Corsi ai militari per accettare al meglio soldati gay dopo il coming out

Con la fine del 'Don't Ask Don't Tell', non manca tanto prima che finalmente i soldati gay possano fare liberamente coming out. Un momento storico che deve, però, essere ben condotto. Come potrebbero reagire eventuali commilitoni di fronte all'omosessualità dichiarata di un altro ragazzo? Sembra assurda come domanda, ma a quanto pare non è cosi.

Del resto non sono pochi i casi di discriminazioni ed omofobia all'interno delle caserme: c'è gente che non può nemmeno guardare 'The vampire diares' con il proprio amico, nello stesso letto. Tze. E così, ecco i corsi e gli aggiornamenti:

"Sei obbligato a seguire gli ordini che richiedono interazione con altri che sono gay o lesbiche, sebbene ci sia una reticenza di base, questioni morali o fede religiosa"

Così dicono alcuni documenti già spediti alle basi militari.

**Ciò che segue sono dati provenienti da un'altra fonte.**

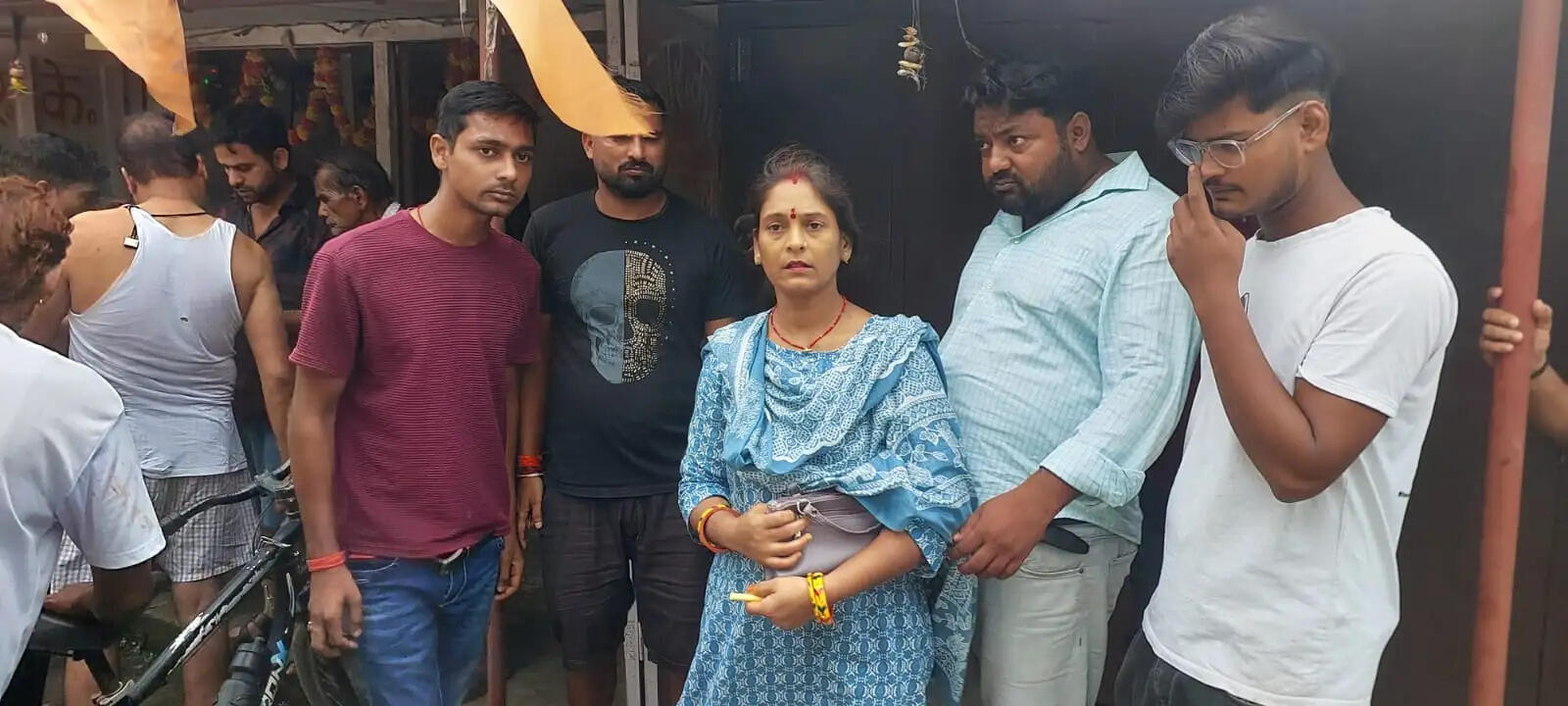 महिला के गले से सोने के चेन की छिनतई, पुलिस मामले की जांच में जुटी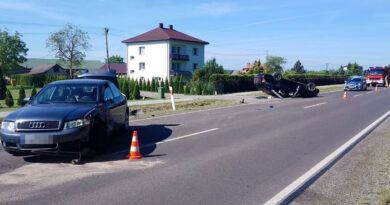 Groźne zderzenie BMW i Audi w miejscowości Karp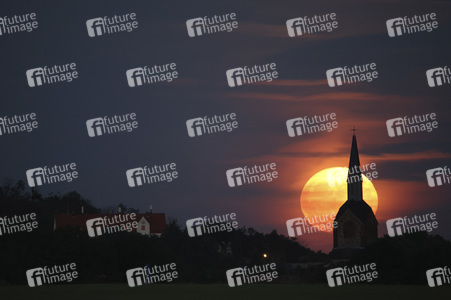 Vollmond über Gütz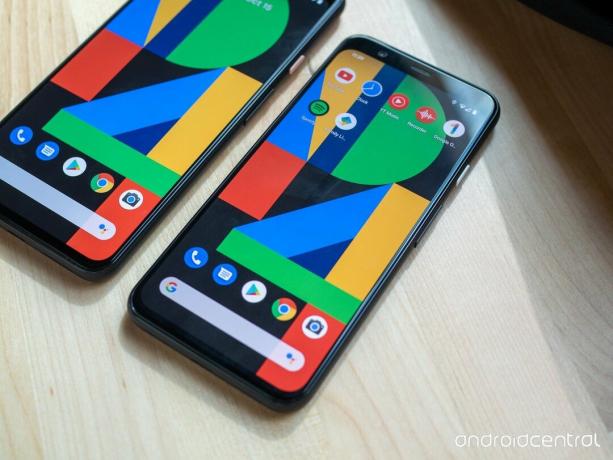 Google Pixel 4 и 4 XL рядом друг с другом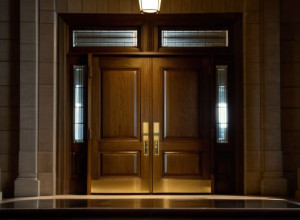 Губернатор Иллинойса подписал закон, запрещающий задержания ICE в судах штата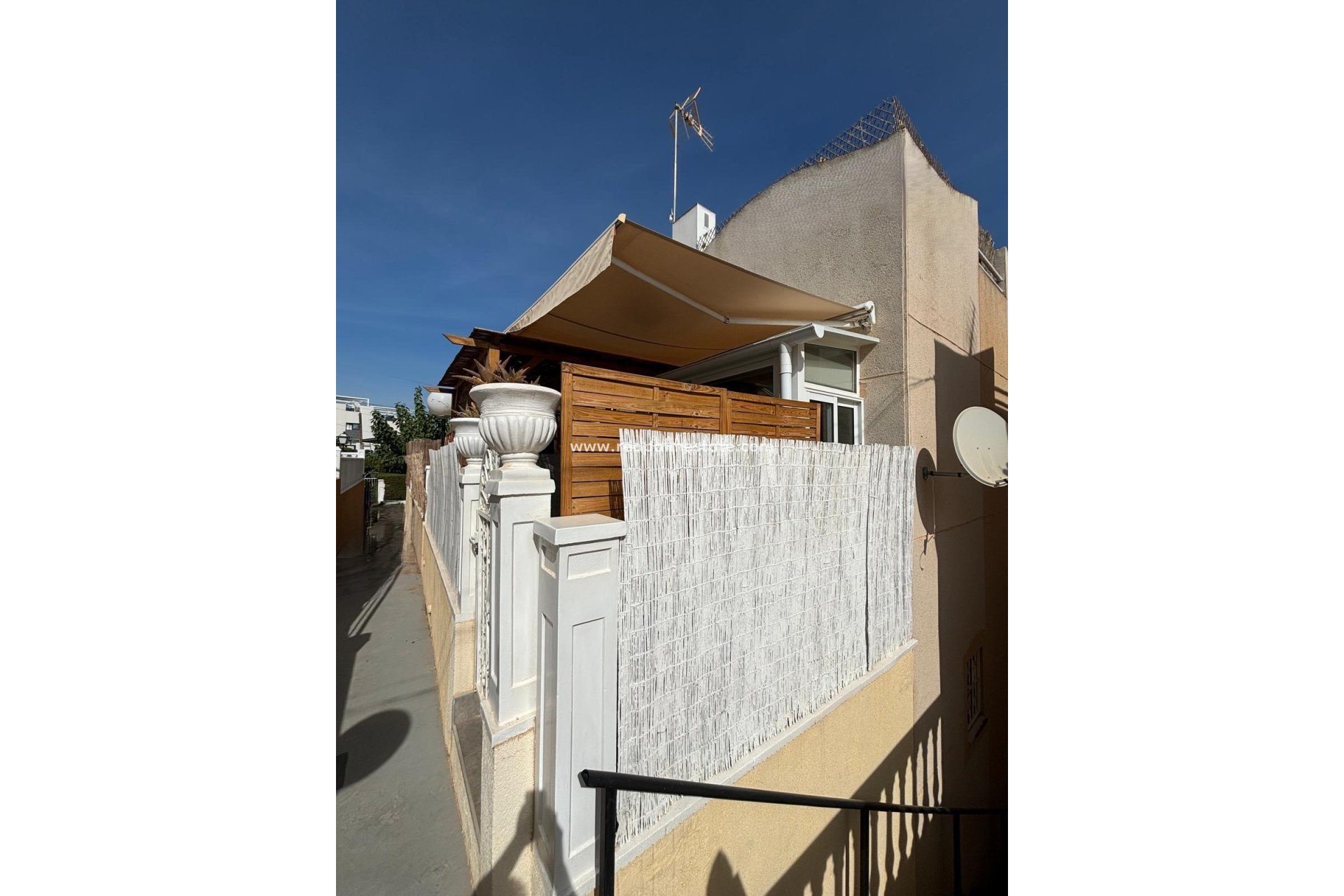 Herverkoop - Stadshuis -
Torrevieja - Los Balcones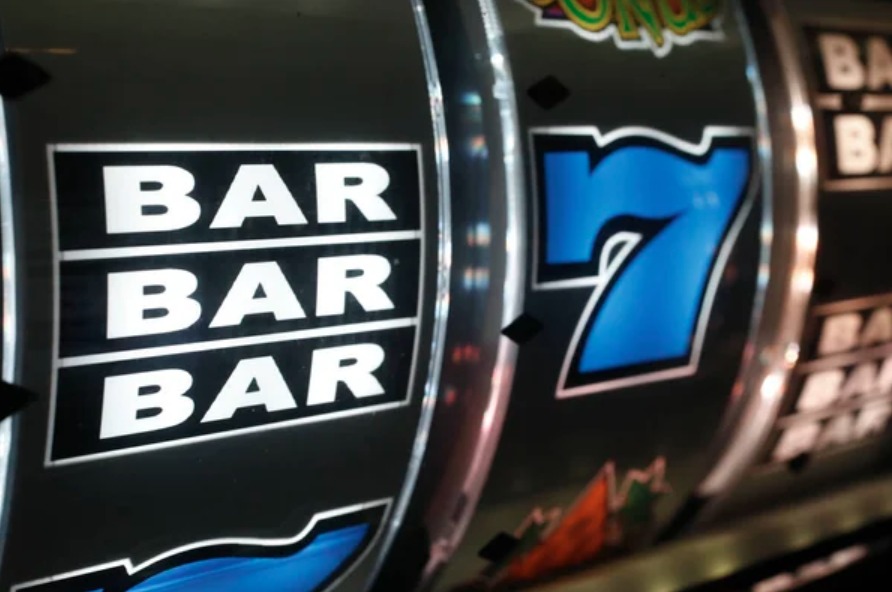 KLIX4D – Cliques Simples, Resultados Relevantes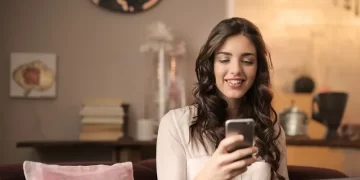 هل تنجح الهواتف في نقل الرائحة قريباً؟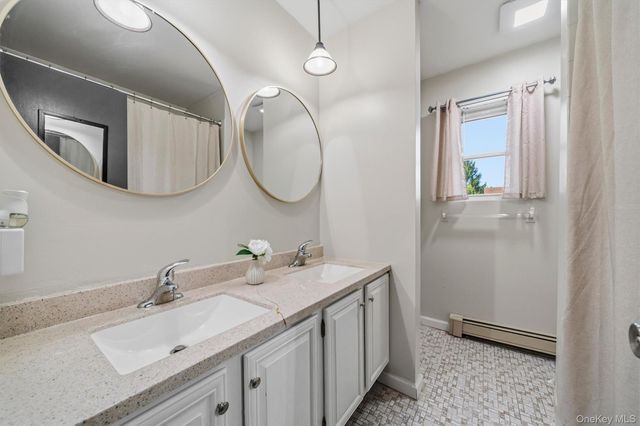 190 Country Club Drive, Florida, NY 10921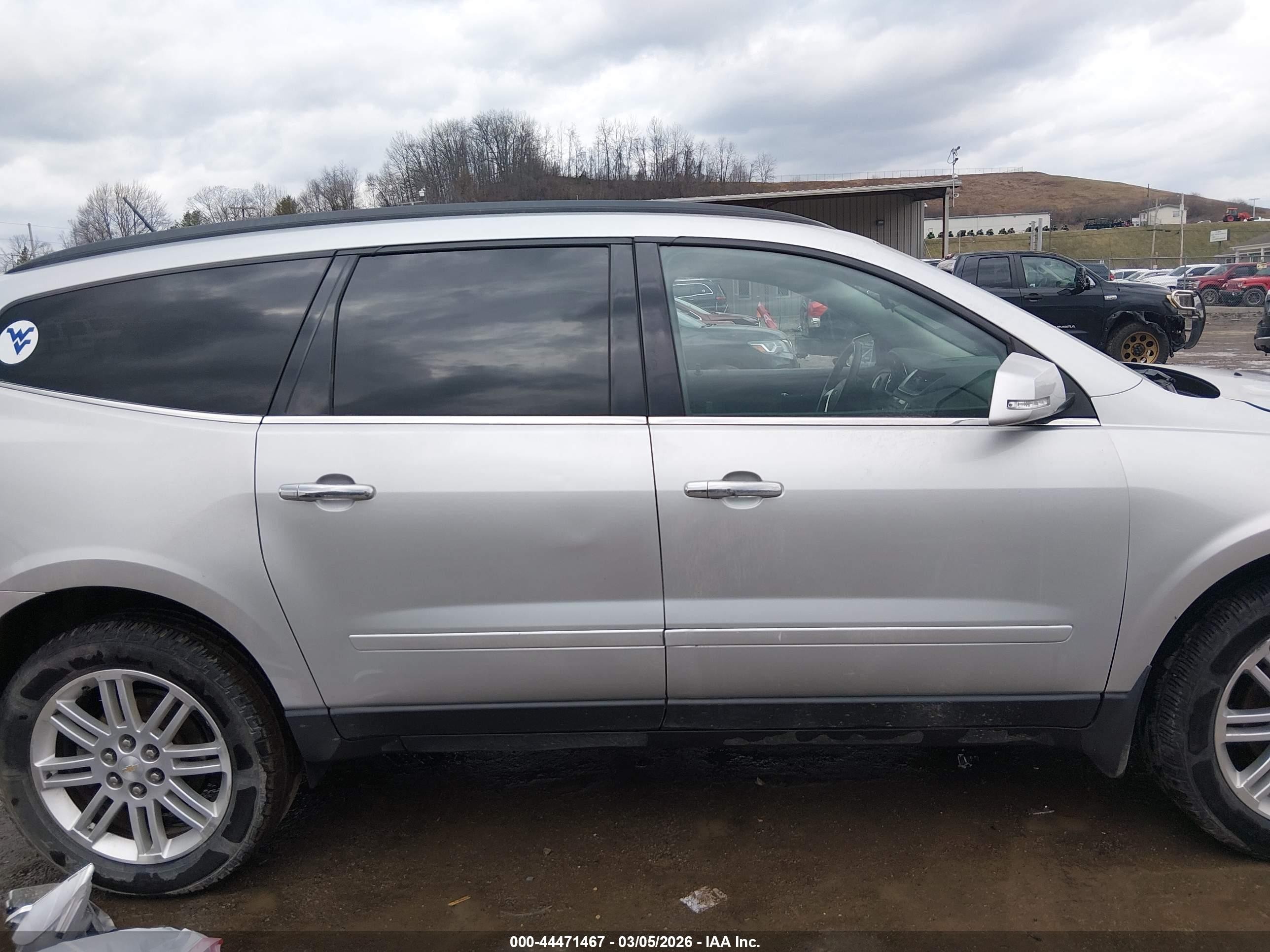 2015 Chevrolet Traverse 1lt Silver vin: 1GNKVGKD4FJ192195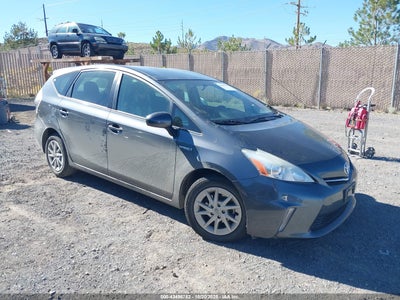 TOYOTA PRIUS V 2014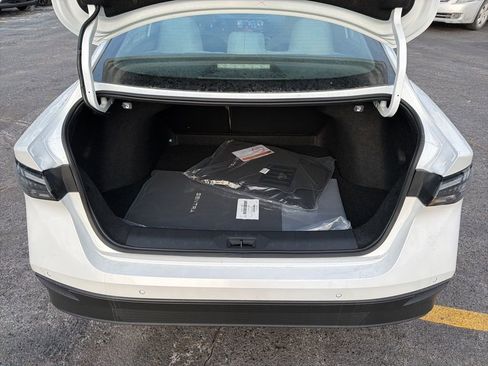 New 2026 Nissan Sentra SL w/ Floor Mat Package FWD image 25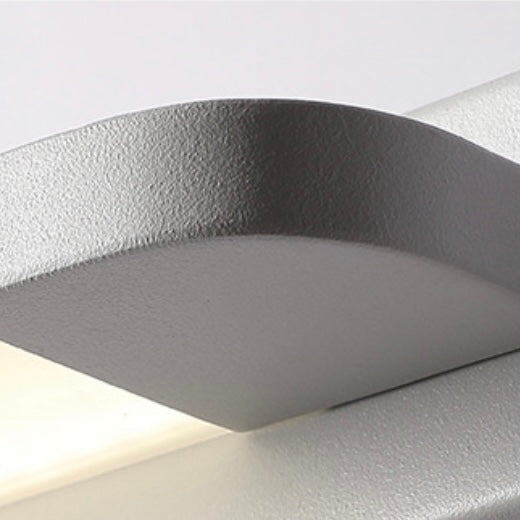 Elys Wall Lamp Linear Modern Simple IP44 Metal Acrylic Bathroom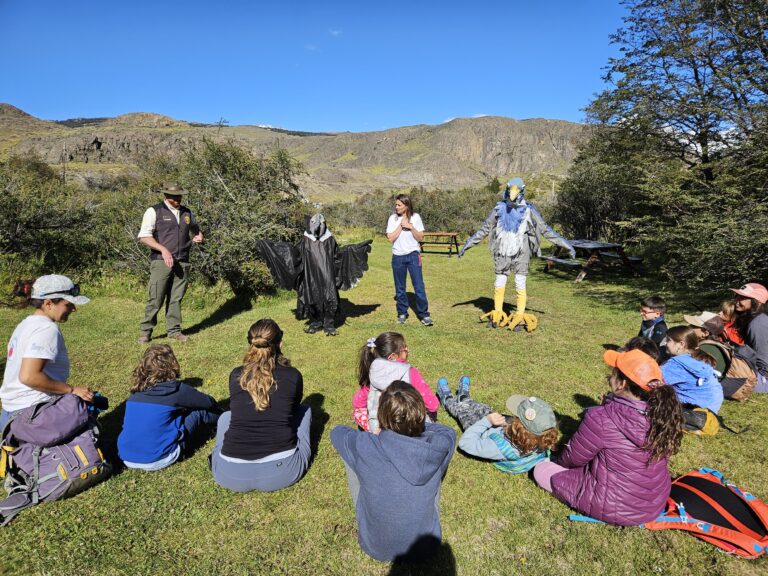 Charla “El Cóndor y sus Costumbres”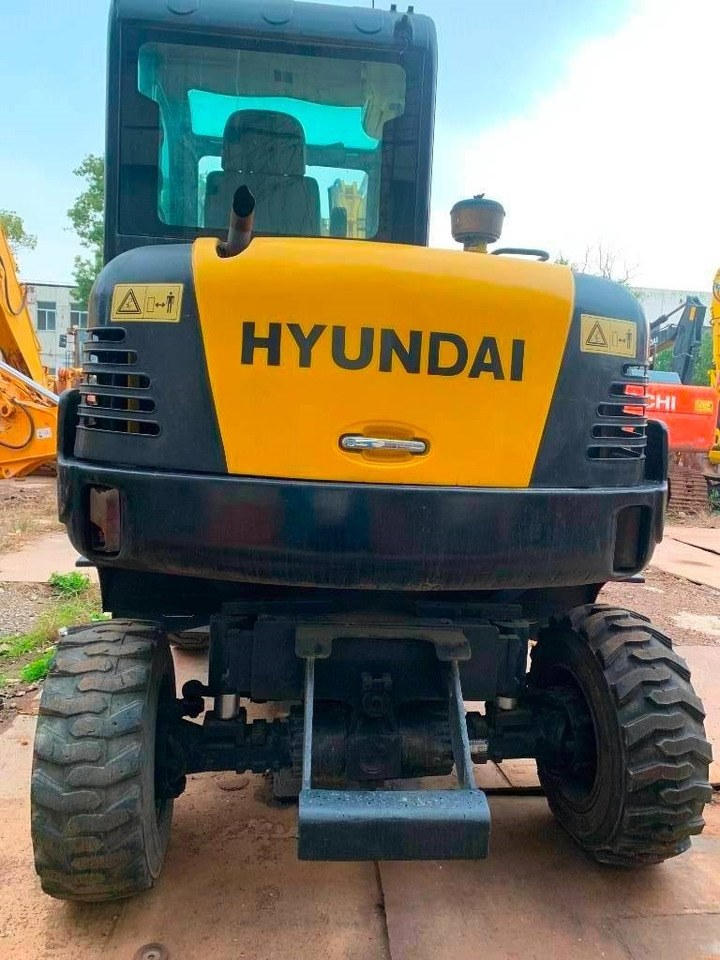 Hyundai Robex 60 W-7 - Bager na kotačima: slika Hyundai Robex 60 W-7 - Bager na kotačima Hyundai Robex 60 W-7 - Bager na kotačima: slika Hyundai Robex 60 W-7 - Bager na kotačima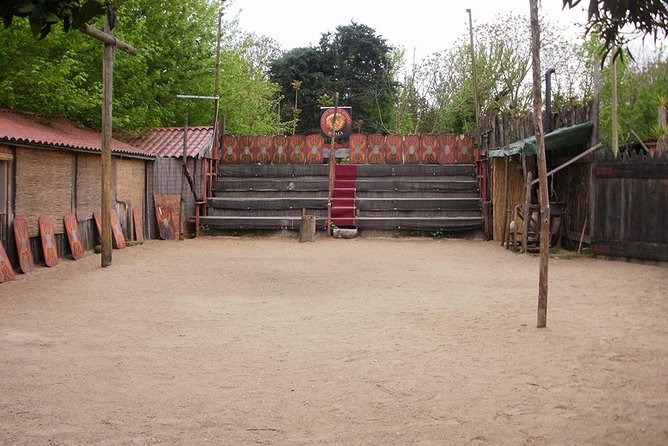 Roman Gladiator School: Learn How to Become a Gladiator - Fighting Off Lions and Sparring in the Arena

E fra pochi mesi, quando il Don't Ask Don't Tell sarà ufficialmente storia passata, il futuro dovrà essere in grado di rapportarsi con il presente reale. Senza discriminazioni, senza polemiche e omofobia. Un passaggio importante, verso il quale ci sono aspettative e anche tensione, a tal punto da dover 'educare' soldati al servizio del proprio paese (etero, gay, bisex o trans che sia...).